1. It will therefore examine the complaints from the point of view of

these two provisions taken together (see Eur. Court H. R., Lüdi

judgment of 15 June 1992, Series A, no. 238, p. 23, para. 43).

     The Commission recalls that the question of the admissibility of

evidence and of its probative value is primarily governed by the rules

of domestic law, and as a general rule it is for the national courts

and in particular the courts of first instance, to assess the evidence

before them, as well as the evidence which the accused seeks to adduce

(see Eur. Court H. R., Edwards judgment of 16 December 1992, Series A,

no. 247-B, pp. 34-35, para. 34; Windisch judgment of 27 September 1990,

Series A no. 186, p. 10, para. 25).

     The Commission's task in the present case is therefore not to

express a view as to whether the evidence against the applicant - in

particular the testimony of the accomplice - was correctly admitted and

assessed by the judges, but rather to ascertain whether the proceedings

considered as a whole, including the way in which evidence was taken,

were fair (see, Eur. Court H.R., Saïdi judgment of 20 September 1993,

Series A no. 261-C, p. 56 , para. 43).

     In this context the Commission recalls that all the evidence must

normally be produced in the presence of the accused at a public hearing

with a view to adversarial argument. There are exceptions to this

principle, but they must not infringe the rights of the defence; as a

general rule paragraphs 3 (d) and 1 of Article 6 (Art. 6-1, 6-3-d)

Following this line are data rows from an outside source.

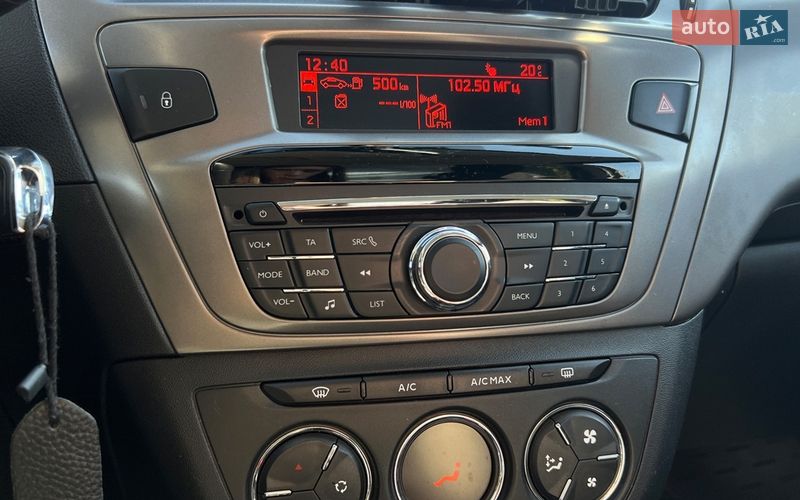 Седан Peugeot 301 2019 в Львове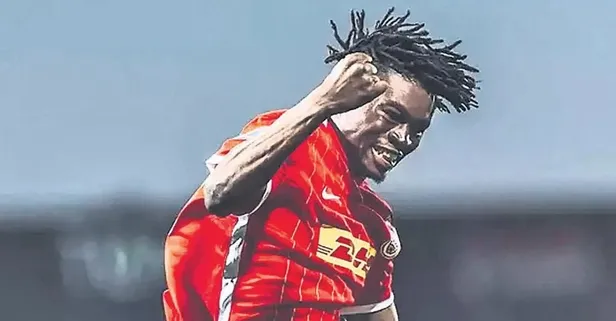 Galatasaray'da Victor Nelsson yerine Adamo Nagalo!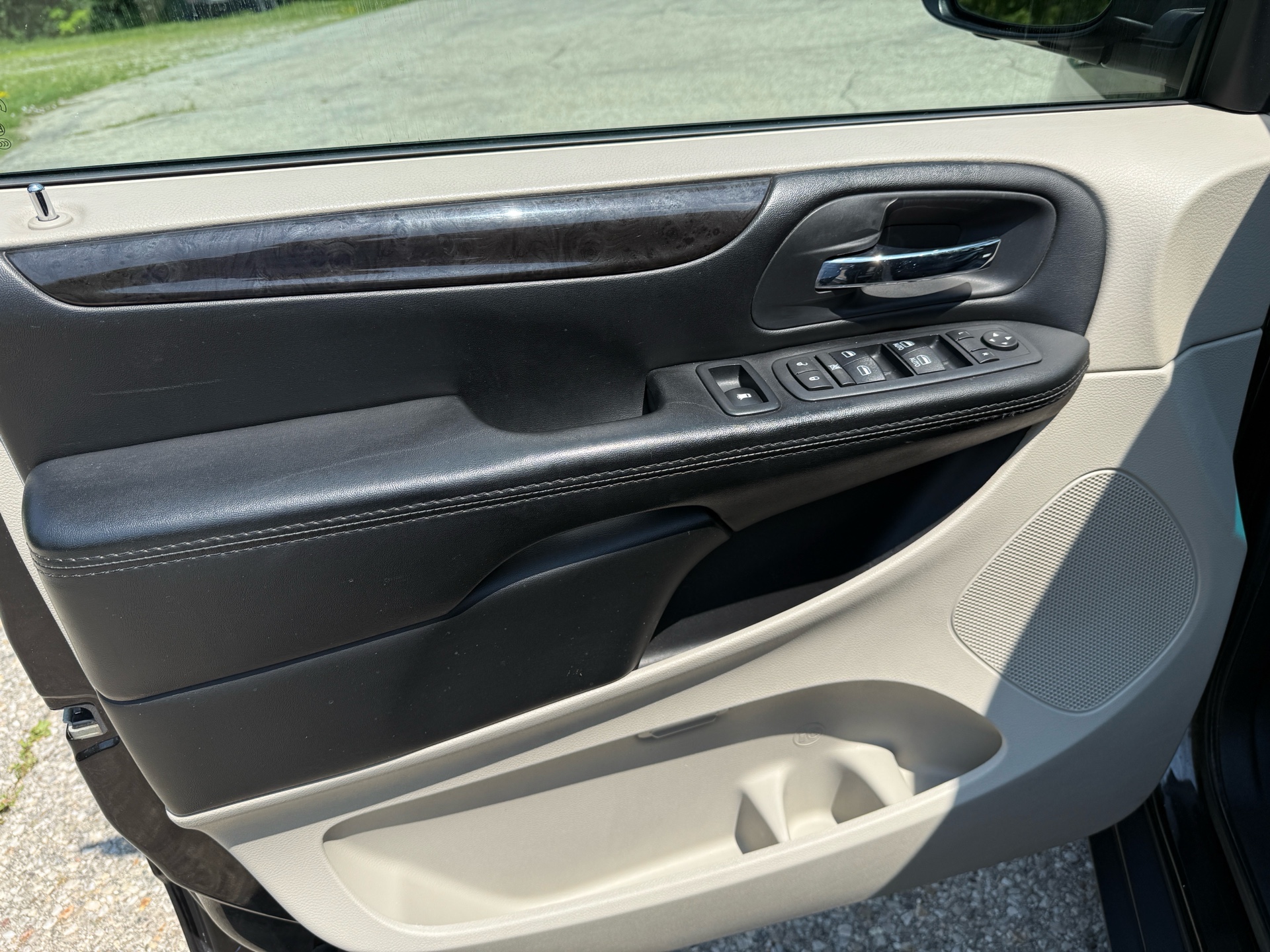 /canadacars/2017-Dodge-GrandCaravan-8800145105723476.jpg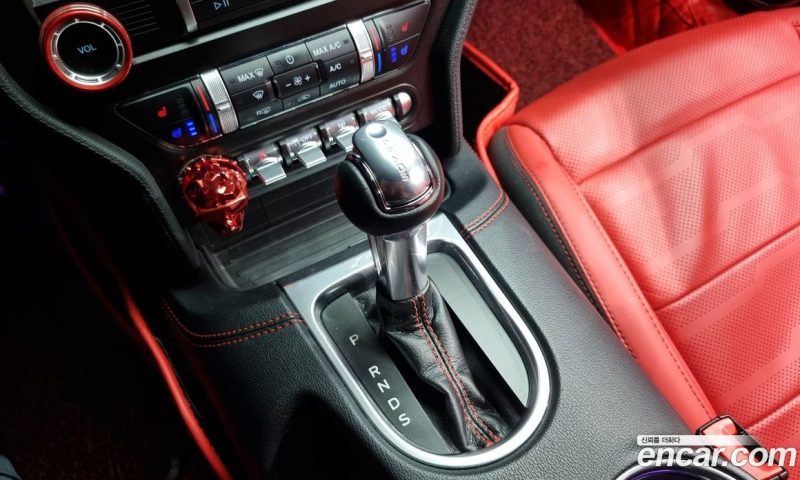Ford Mustang Coupe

require that the defendant be given an adequate and proper opportunity

to challenge and question a witness against him, either when he makes

his statements or at a later stage of the proceedings (see the above

mentioned Lüdi judgment, loc. cit. p. 21, para. 47; Eur. Court H.R.,

Isgró judgment of 19 February 1991, Series A no. 194-A, p. 12, para.

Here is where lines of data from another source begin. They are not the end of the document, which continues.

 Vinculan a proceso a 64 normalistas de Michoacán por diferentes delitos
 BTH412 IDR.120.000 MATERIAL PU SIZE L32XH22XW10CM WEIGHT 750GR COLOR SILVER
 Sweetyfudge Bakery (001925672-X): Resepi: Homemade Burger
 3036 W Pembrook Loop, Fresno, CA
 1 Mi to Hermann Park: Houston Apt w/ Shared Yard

34; Eur. Court H.R., Saïdi judgment, loc. cit., p. 56, para. 43).

     The Commission points out that the use at the trial of evidence

obtained from an accomplice by granting him a reduction of sentence may

put in question the fairness of the hearing granted to an accused

person, and thus raise an issue under Article 6 para. 1 (Art. 6-1) of

the Convention (No. 7306/75, Dec. 6.10.76, D.R. 7, p. 115).

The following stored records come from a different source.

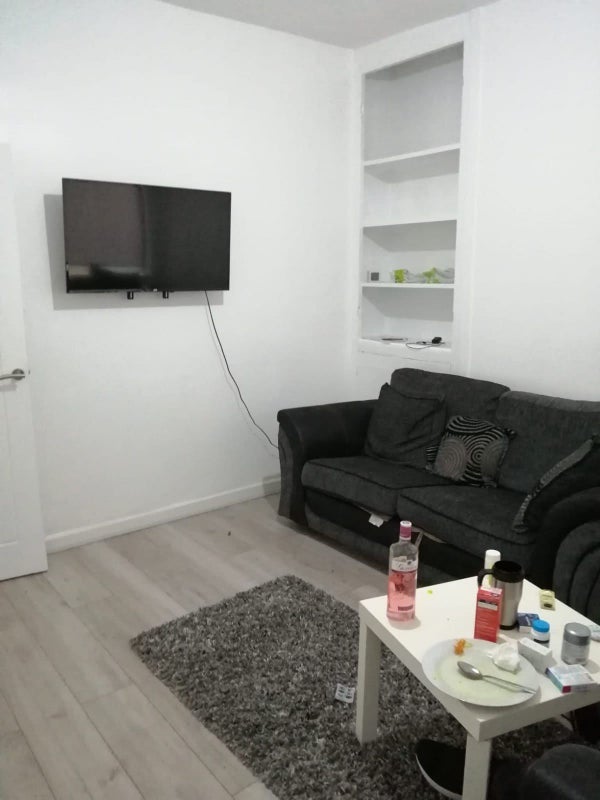 Room Malden Road in Liverpool
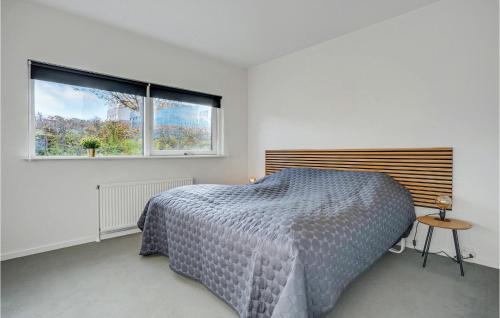 エーベルトフトにあるNice Apartment In Ebeltoft With 2 Bedrooms, Sauna And Wifiの白いベッドルーム(ベッド1台、窓付)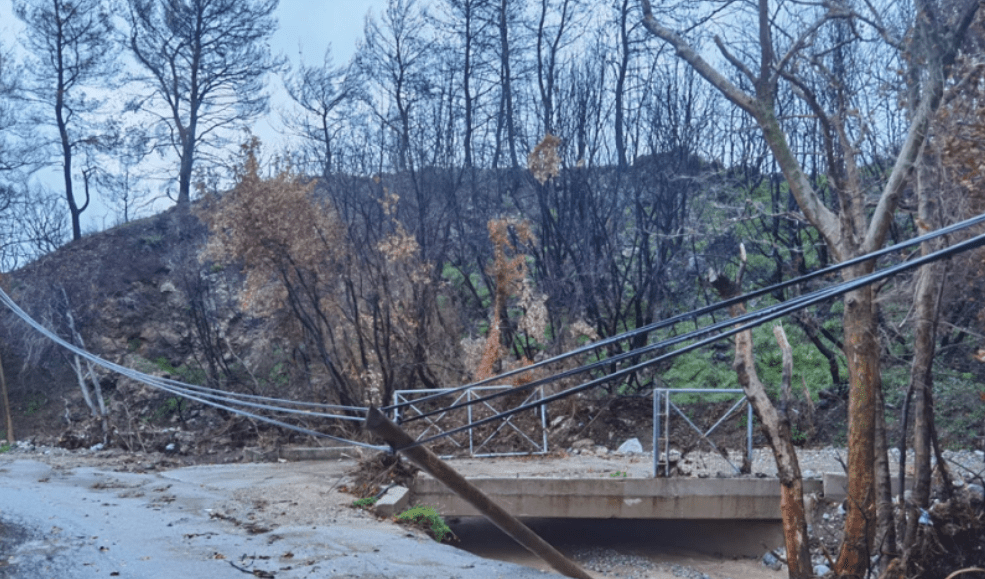 Κακοκαιρία Διομήδης: Χιόνια στην Αττική & μεγάλα προβλήματα στην Θεσσαλία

     However, the Commission notes that in the present case there are

numerous elements in the proceedings as a whole, and concerning C.M.'s

evidence in particular, that indicate that the applicant had a fair

hearing.

     In the first place the agreement between the accomplice and the

prosecution was fully disclosed and openly discussed with the applicant

and his counsel. The applicant had every opportunity, through his

lawyer, to put questions directly to C.M. and to challenge his

statements, thus providing the judges with all information which was

capable of casting doubt on the witness' credibility. Moreover the

Italian courts had examined the evidence before them thoroughly, and

had come to the conclusion that the statements made by C.M. were

corroborated by other evidence, such as the statements of the

applicant's accomplices as well as documents found in the defendant's

possession.

     As regards the refusal to hear a witness, the Commission recalls

that it is normally for the national courts to decide whether it is

necessary or advisable to call a witness (see Eur. Court H.R., Bricmont

judgment of 7 July 1989, Series A no. 158, p. 31, para. 89). There are

exceptional circumstances which could prompt the Commission to conclude

that the failure to hear a witness was contrary to Article 6 (Art. 6)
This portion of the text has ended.